*The records*:

━━━━━━━━

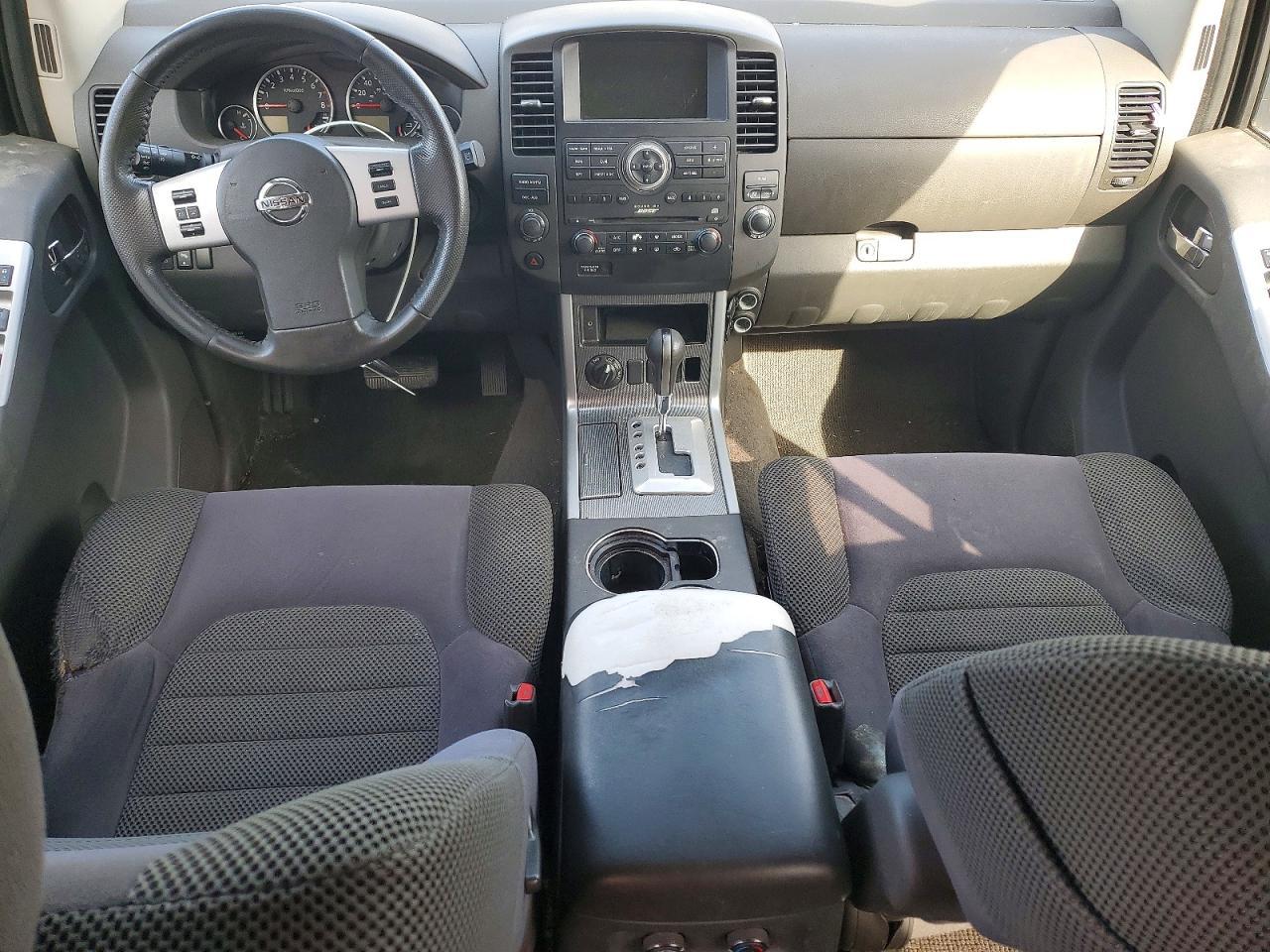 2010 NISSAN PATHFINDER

━━━━━━━━

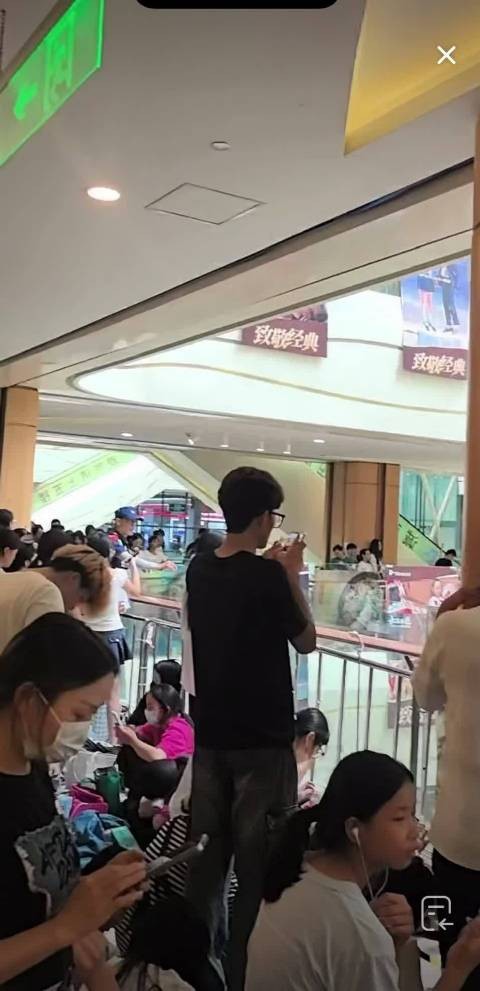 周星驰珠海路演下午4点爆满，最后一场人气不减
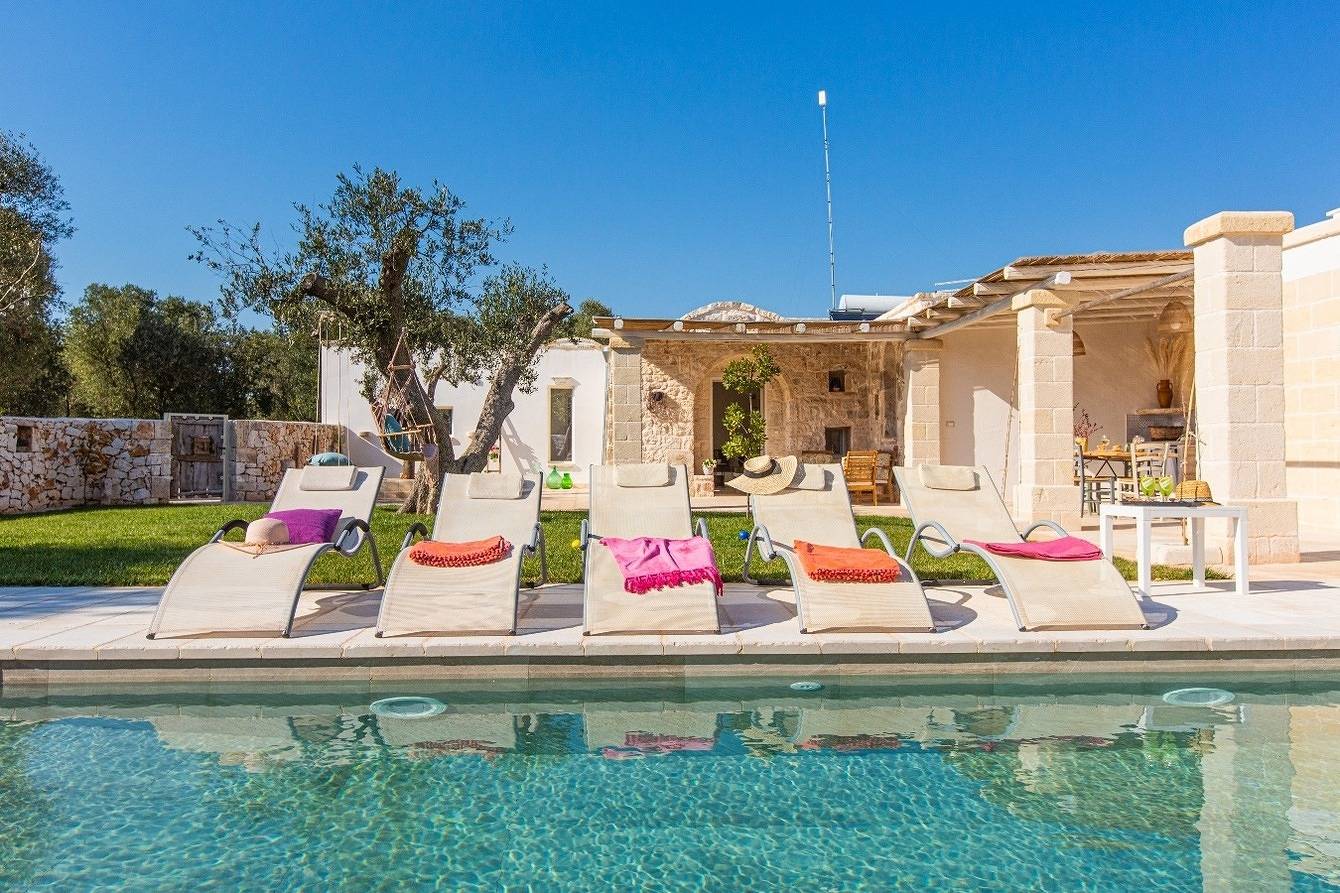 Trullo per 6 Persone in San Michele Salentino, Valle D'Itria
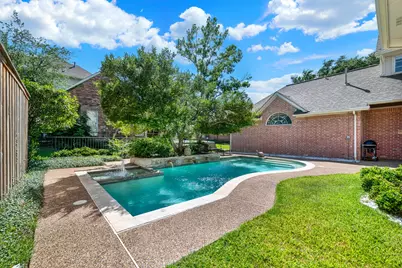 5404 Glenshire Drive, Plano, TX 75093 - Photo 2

━━━━━━━━

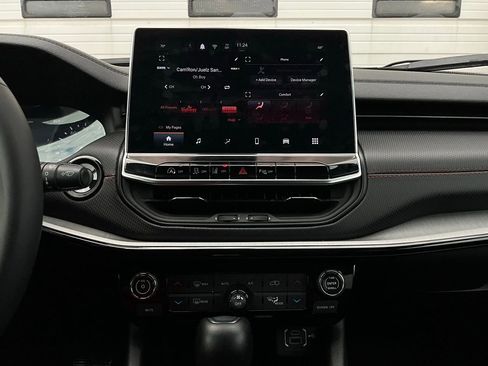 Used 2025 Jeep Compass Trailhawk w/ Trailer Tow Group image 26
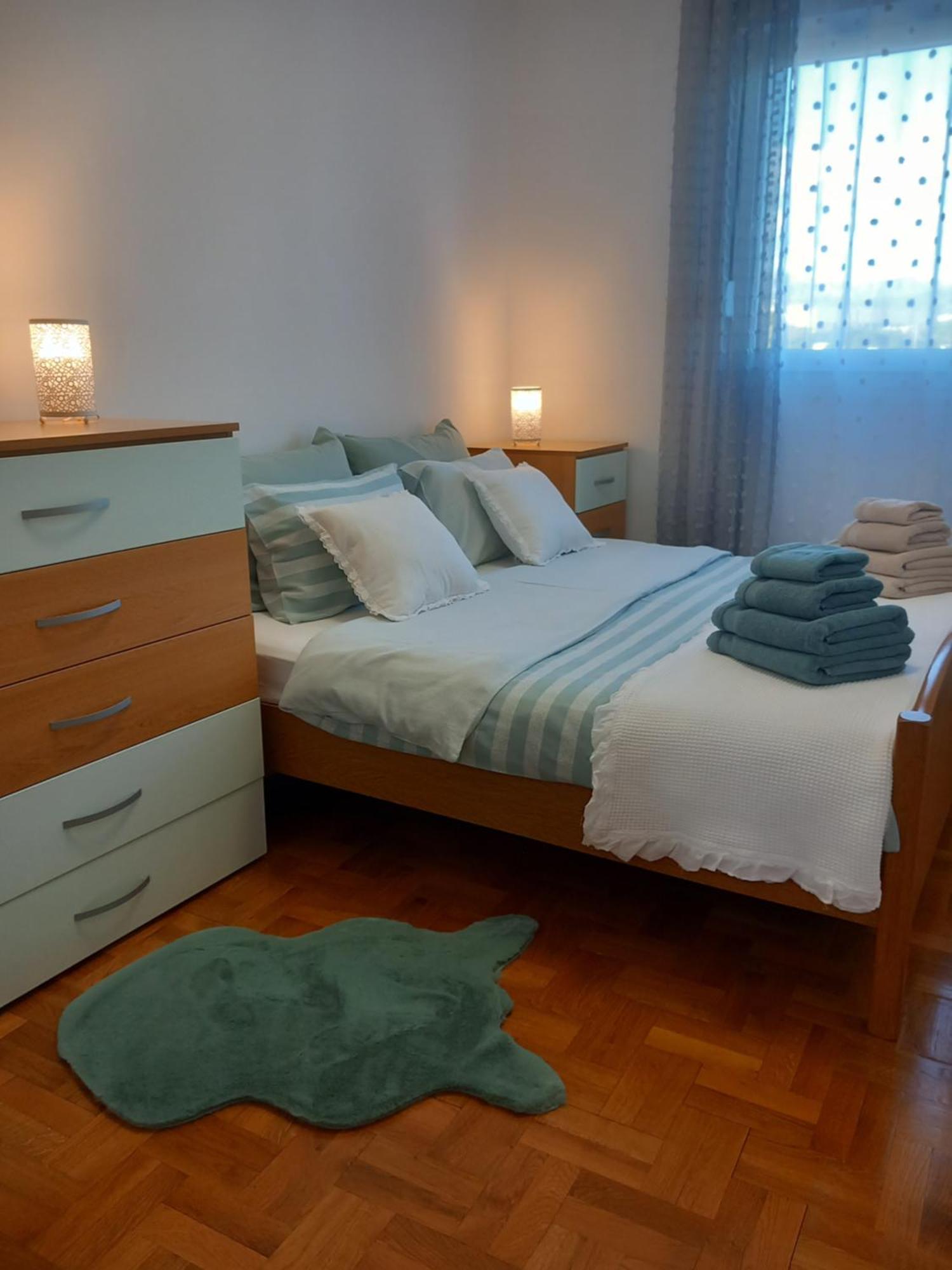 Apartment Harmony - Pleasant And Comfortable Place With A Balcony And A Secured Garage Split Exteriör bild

━━━━━━━━

*Exercise instructions*: Output only the lines above from the line that holds "Trullo per 6" through the line that holds "5404 Glenshire Drive, Plano, TX", both ends included, and exclude pictures.

*Solution to the problem*:
 Trullo per 6 Persone in San Michele Salentino, Valle D'Itria
 5404 Glenshire Drive, Plano, TX 75093 - Photo 2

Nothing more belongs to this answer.